TASK TO COMPLETE: Transcribe only part of the material below: the lines from the one containing "Collana Chopard Happy" through the one containing "Time Stream —", inclusive, exactly as written.

PROVIDED RECORDS:
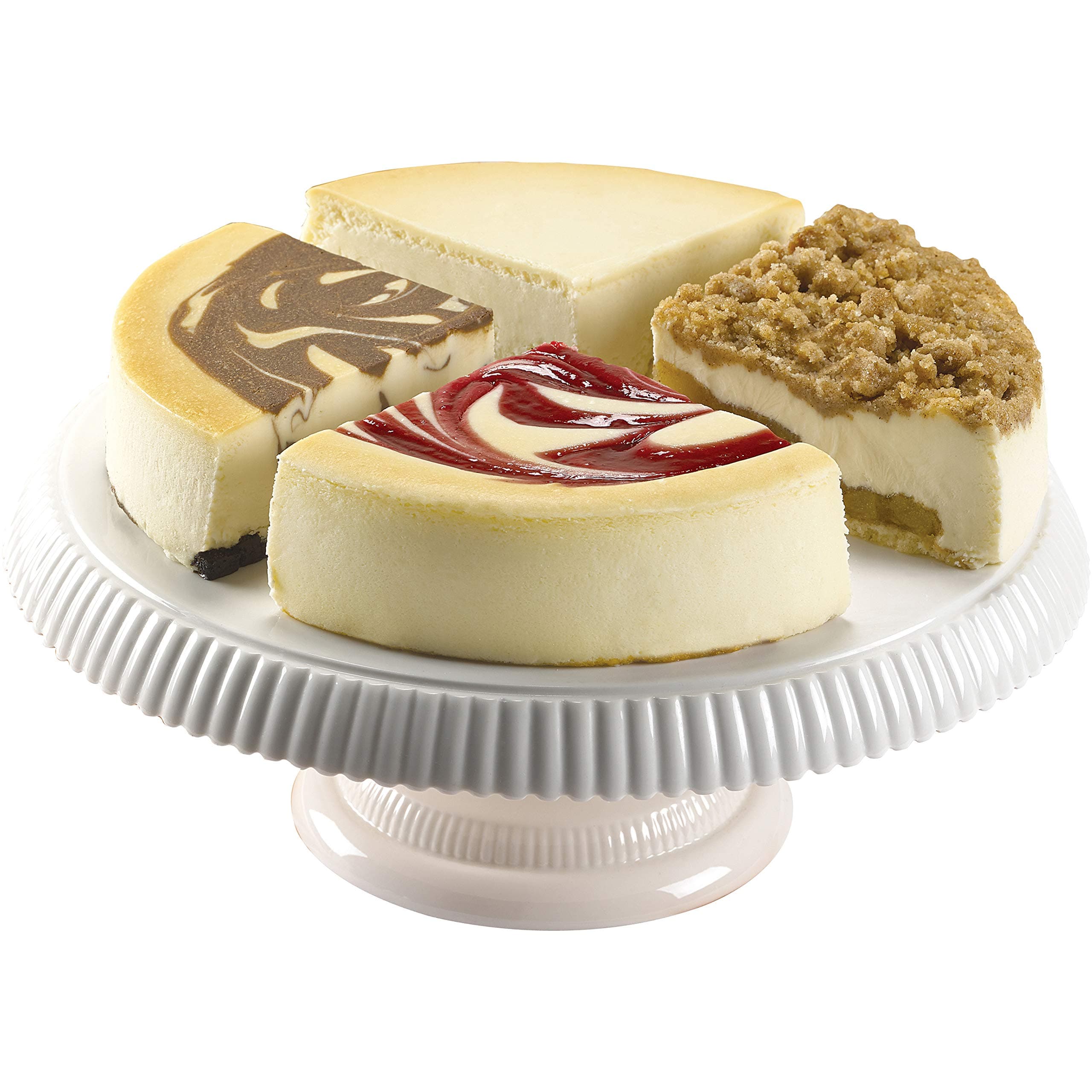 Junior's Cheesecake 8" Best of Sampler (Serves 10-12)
--
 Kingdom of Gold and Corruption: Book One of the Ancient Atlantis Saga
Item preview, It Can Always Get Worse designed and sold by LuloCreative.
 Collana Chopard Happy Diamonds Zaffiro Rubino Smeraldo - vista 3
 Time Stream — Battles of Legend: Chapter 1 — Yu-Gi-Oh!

ANSWER FOR THIS EXERCISE:
 Collana Chopard Happy Diamonds Zaffiro Rubino Smeraldo - vista 3
 Time Stream — Battles of Legend: Chapter 1 — Yu-Gi-Oh!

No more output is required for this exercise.